Now, lets move on to the real world. You work in a business and you need to secure routine, non-discretionary services from a foreign government in order to conduct business in the foreign country. You need a license to open a business, a visa for an employee, or permits to build a new office.
You are asked to pay a “fee” to “expedite” the particular service. What do you do?
(a) reject any attempt to pay a legal bribe by referring to your OCED mantra against facilitation payments; or
(b) asses the cost, the benefit and the risk and decide to go forward.
I say (b). Howard Sklar and Tom Fox say (a).
What is the risk? Under the FCPA’s exception for facilitation payments, can you in good faith reach a decision to pay the “fee.” In most cases “yes;” but in some cases, you may say “no” where the decision is “discretionary.” The difference between a discretionary and a non-discretionary decision is almost impossible to define. By definition, every decision is “discretionary.” What, in fact, is non-discretionary? Someone at some point makes a decision about how to handle a request and how much to charge for it.
My questions and hyper-ventilating are meant to underscore a point – the facilitation payment exception is almost unenforceable. If the government builds a case resting entirely on violations of the exception – meaning the defendant’s conduct does not fall within the exception, even though the individual reached a good faith, plausible decision that his conduct fell within the exception, the government will lose the case. Assuming they can persuade a judge that the case is meritorious, the government will never persuade a jury. That does not mean that every defendant who relies on the exception will win their case; it only means that those defendants who can demonstrate through documentation that a careful and deliberate decision was reached in good faith that the facilitation payment exception applies should not be prosecuted.

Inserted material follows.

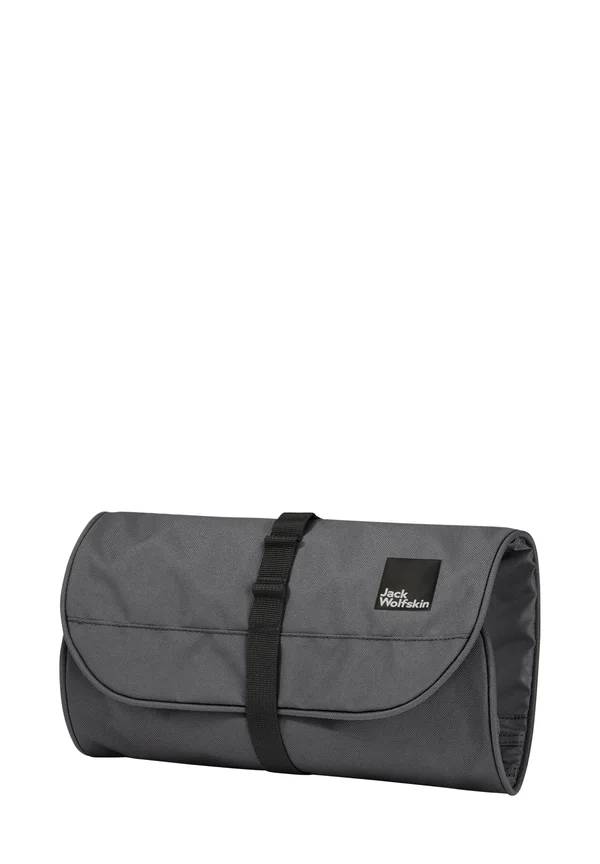 KONYA WASCHSALON - Kosmetiktasche - slate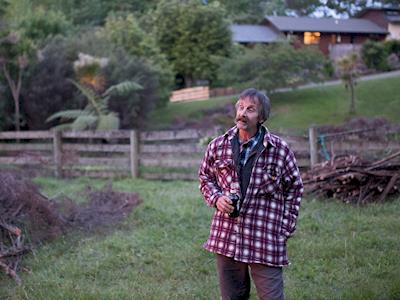 Stoptober - 31 Days Without Alcohol to Raise Funds for Hospice West Auckland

But what about the UK Bribery Act? Don’t you run the risk that you could be prosecuted under the UK Bribery Act? Under the typical scenario of facilitation payments, my answer is “don’t’ worry, be happy,” no one will get prosecuted. While the UK Bribery Act includes a flat prohibition, the “Prosecution Guidance” states that while a “single small payment” may weigh against bringing charges or result in “only a nominal penalty,” significant consequences will result where there have been “large or repeated payments.” Given the moribund state of UK Bribery Act enforcement, the realities that face business these days, and the US exception for facilitation payments, it is hard to argue that companies should “never” pay a facilitation payment.
A more persuasive argument for avoiding facilitation payments is that it can send the wrong signal within a company. By allowing this legalized form of bribery, compliance officers may be unleashing a force which could undermine compliance efforts on more significant payment questions. It creates risks that will allow business people to justify improper payments under the guise of “we will never be prosecuted.” This is a persuasive point which must be factored in to the equation. Making small, routine payments may be justified but not if it breeds a corporate compliance attitude which undermines the company’s overall compliance message.